This project uses the DNS queries on a Pi-hole to get a list of top-level domains contacted from a network. Sharing for anyone that may find this useful... the results may surprise you. This day project is the outcome of noticing my digital scale talking back to China.
By using FTL, we're able to get a list of all domains from 365 days ago up through one minute ago.
# Get list of domains from pihole-FTL database.
sqlite3 "/etc/pihole/pihole-FTL.db" "SELECT domain FROM queries GROUP BY domain ORDER BY domain" > domains.txt
By using logs, we're able to get a list of all domains from a specific day in past week.
# Get list of domains from today's pihole.log; yesterday's is pihole.log.1
cat /var/log/pihole.log | cut -d ' ' -f 6 | sort | uniq > domains.txt
# Prior logs are compressed so use zcat or zgrep to read or search.
zcat /var/log/pihole.log.2.gz | cut -d ' ' -f 6 | sort | uniq > domains.txt
This could have been combined to one step without using a file, but this allows for easy queries from the results. Look through your TLD list and drilldown with grep.
# List all TLDs.
cat domains.txt | awk -F'.' '{print $(NF)}' | sort | uniq
# List all fully-qualified domains registered to China.
grep 'cn$' domains.txt
# List all fully-qualified domains with two-letter TLDs.
grep '\.[a-z][a-z]$' domains.txt
Example: Block all Chinese registered domains.
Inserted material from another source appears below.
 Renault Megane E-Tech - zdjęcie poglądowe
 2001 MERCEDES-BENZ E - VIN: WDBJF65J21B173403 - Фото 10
On Pi-hole web-interface, click Blacklist, type cn
for Domain and China
for Comment. Click Add domain as wildcard
and Add to Blacklist
.
# Regex includes domain.cn
pihole --regex '(\.|^)cn$'
Not counting their ".com"s, Amazon was contacting 17 international servers and Google 27 countries. One can only guess why, but blocking does not appear to break functionality.
# Regex includes google.ae, google.co.za, google.com.ua, but not google.com
pihole --regex 'amazon[\.a-z]*\.[a-z][a-z]$'
pihole --regex 'google[\.a-z]*\.[a-z][a-z]$'